LLM calls are traced in Langfuse (LANGFUSE_ENABLED=true) via LiteLLM's callback integration. Each /format, /revise, and /ab-tests/{id}/ai-score call appears in Langfuse with content-factory and ai-score tags. View traces at https://ai-ops.haiven.site.


Troubleshooting

"Could not reach transcription service"

haiven-transcribe is not running or not reachable on the backend network.

docker ps | grep haiven-transcribe
docker exec content-factory curl -I http://haiven-transcribe:8000/health
docker logs haiven-transcribe | tail -30

"Could not reach LLM service"

LiteLLM or the backing model is unavailable.

docker ps | grep litellm
curl http://localhost:4000/v1/models | jq '.data[].id' | grep -E 'seed|glm'
docker logs litellm | tail -30

A/B test not found after restart

Draft sessions and A/B tests persist to SQLite (./data/factory.db). If the volume was not mounted, data will be lost. Verify the ./data:/data volume is present in the compose file.

Draft not saved — permission error

Check that the content directory is writable.

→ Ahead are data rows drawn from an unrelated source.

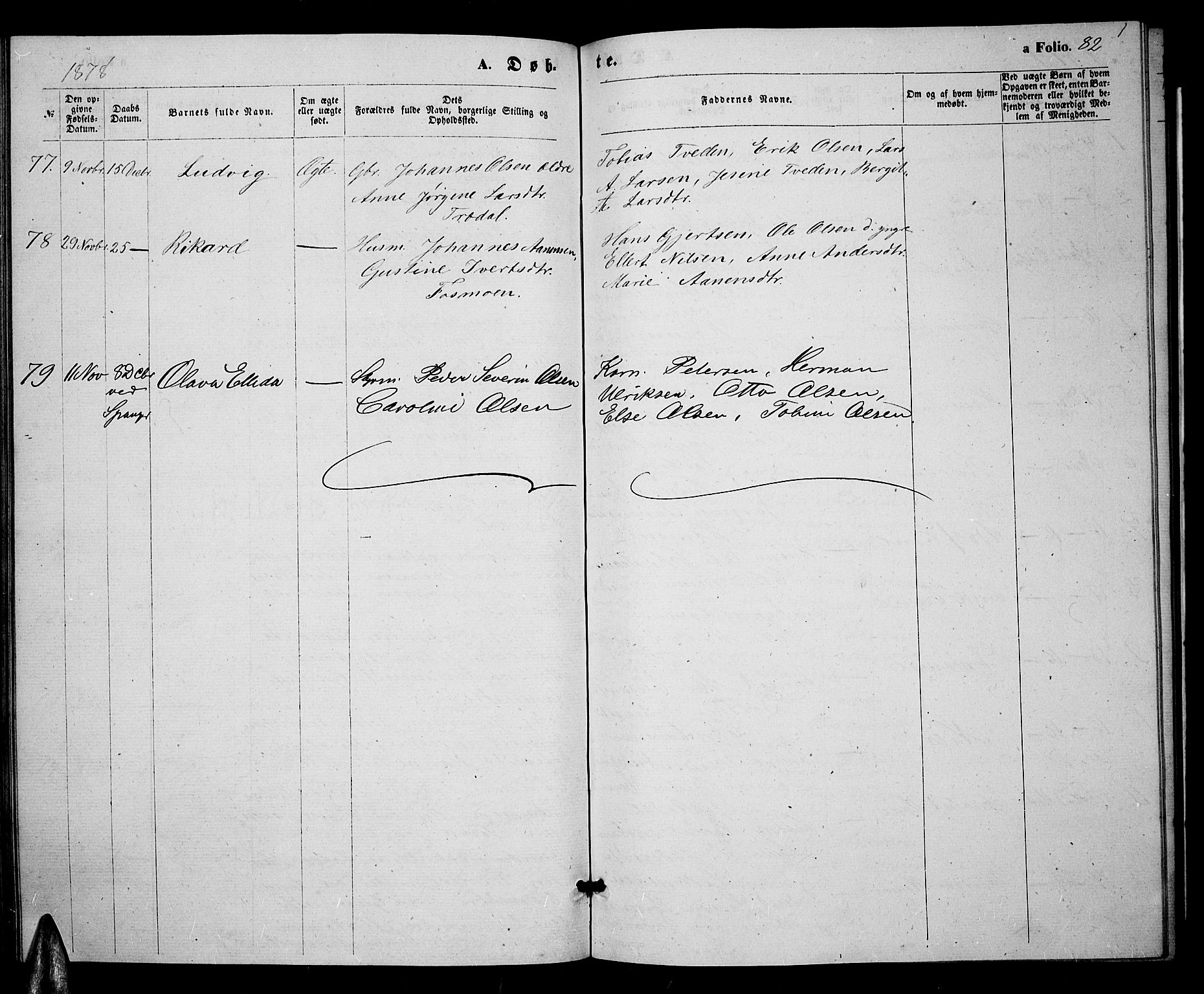 Sør-Audnedal sokneprestkontor, SAK/1111-0039/F/Fb/Fbb/L0004: Parish register (copy) no. B 4, 1868-1879, p. 82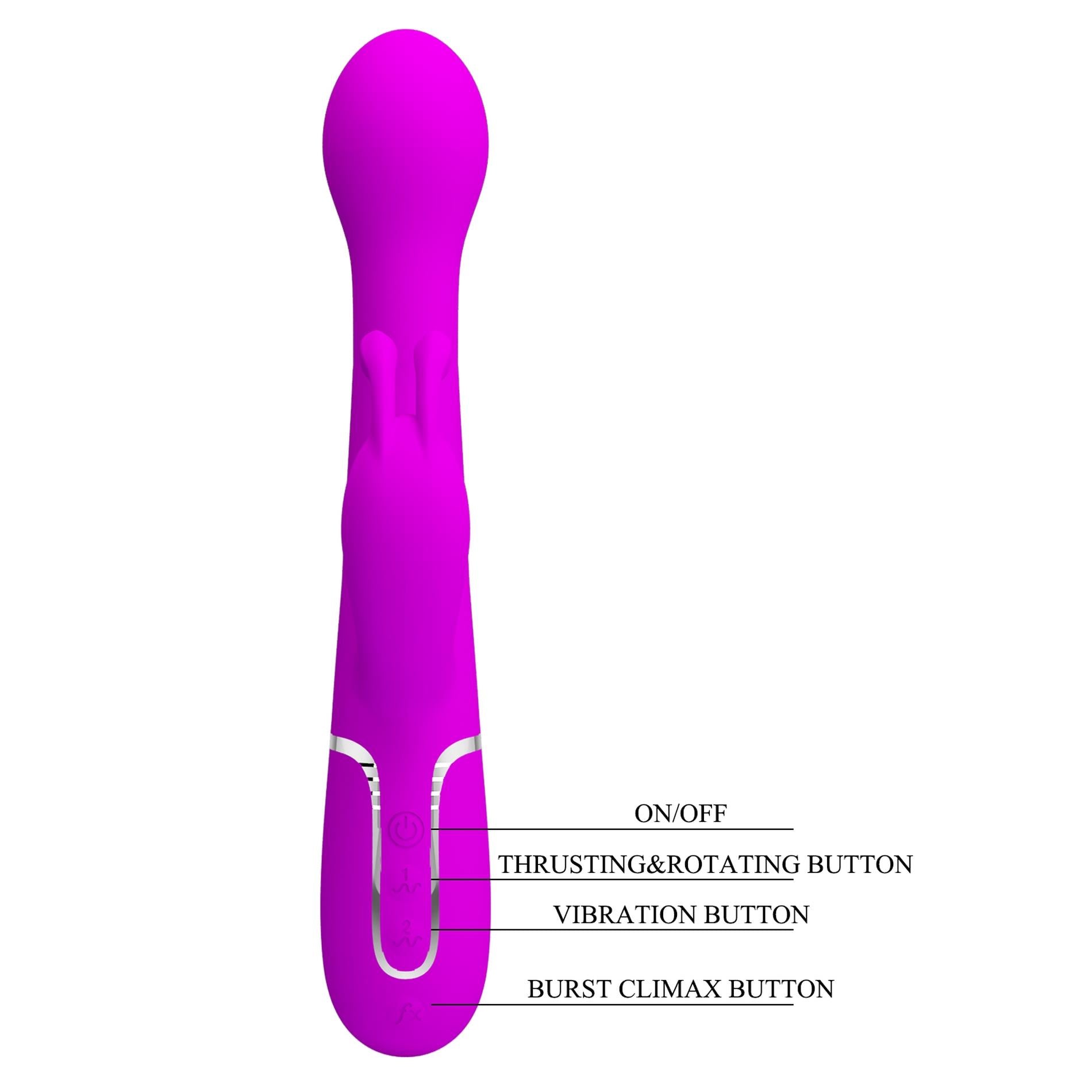 PRETTY LOVE - Dejon Twinkled Tenderness Violet, 7 fonctions de vibration, 4 modes de poussée, 4 fonctions de rotation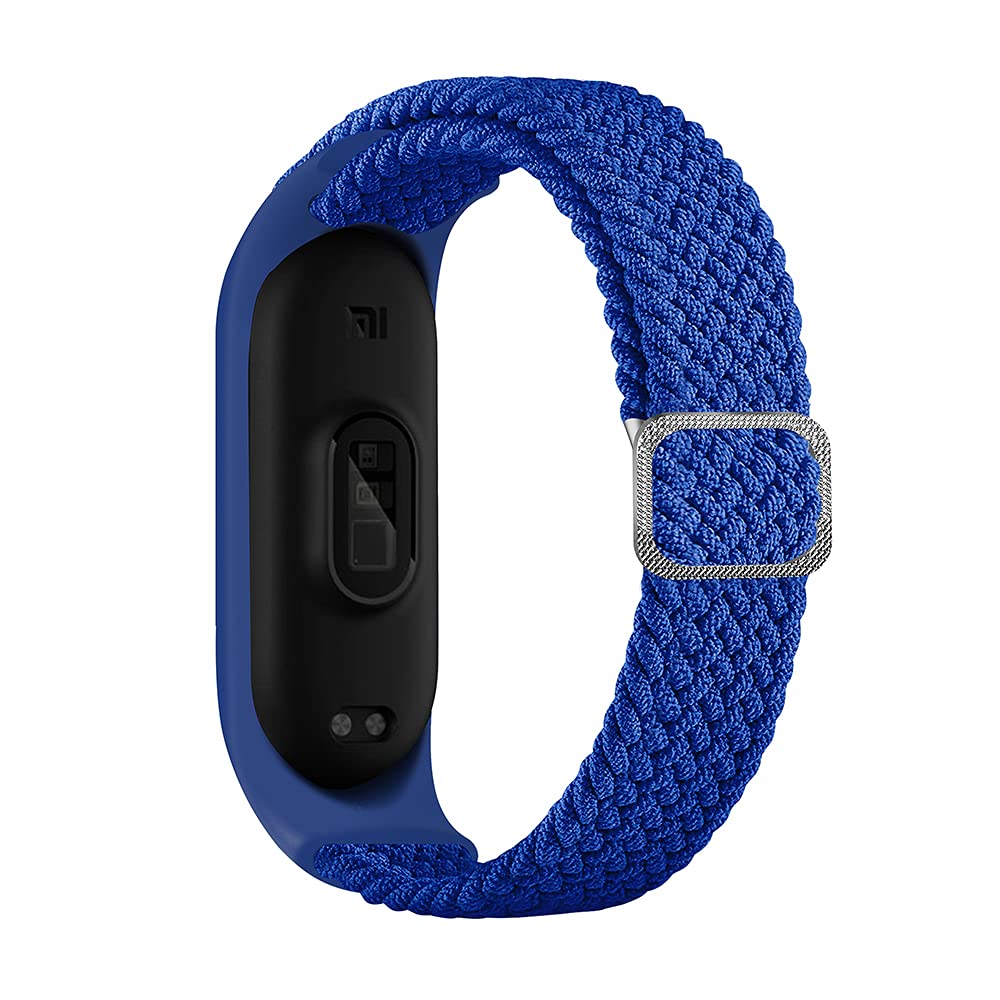 Tiggo Smart Watch Strap compatible for Xiaomi Mi Band 6,Nylon Sport Braided stretch Solo Loop Watch Belt,Replacement Bracelet Wristband Wrist Strap for Xiaomi Mi Band 3 4 5 6 Watch (azul)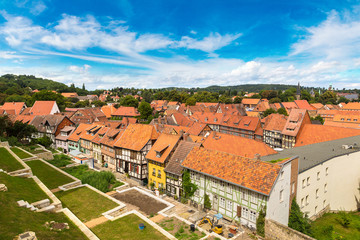 Fototapeta na wymiar Panoramic view of Quedlinburg, Germany
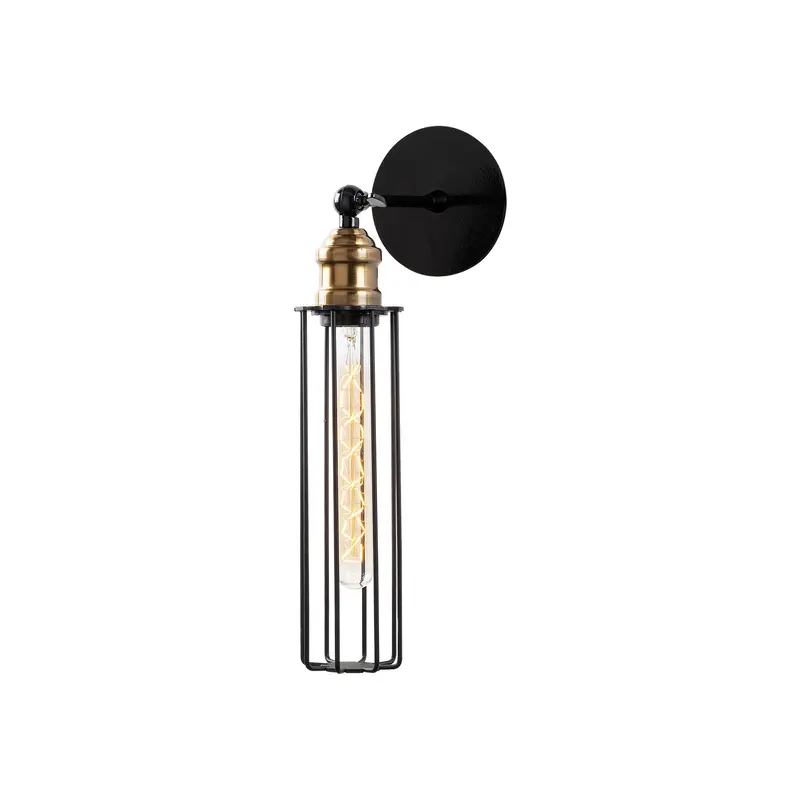 Aplique de pared metal negro 8x16x40 cm casquillo E27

docker exec content-factory ls -la /content
ls -la /mnt/apps/src/factory/content
# directory must be owned by or writable by uid 1000
chown -R 1000:1000 /mnt/apps/src/factory/content

AI scoring returns empty or fails silently

Check that SCORING_MODEL (default glm-4-7-flash) is available in LiteLLM and that the model is currently loaded.

curl http://localhost:4000/v1/models | jq '.data[].id' | grep glm
docker logs content-factory | grep "AI scoring"

Microphone access denied in browser

HTTPS is required for browser microphone API. Access via https://factory.haiven.site only.

Service won't start

# Check port conflict
ss -tuln | grep 8023

# Full rebuild
docker compose down && docker compose up -d --build


Voice-to-content pipeline. Speak it, shape it, score it, save it.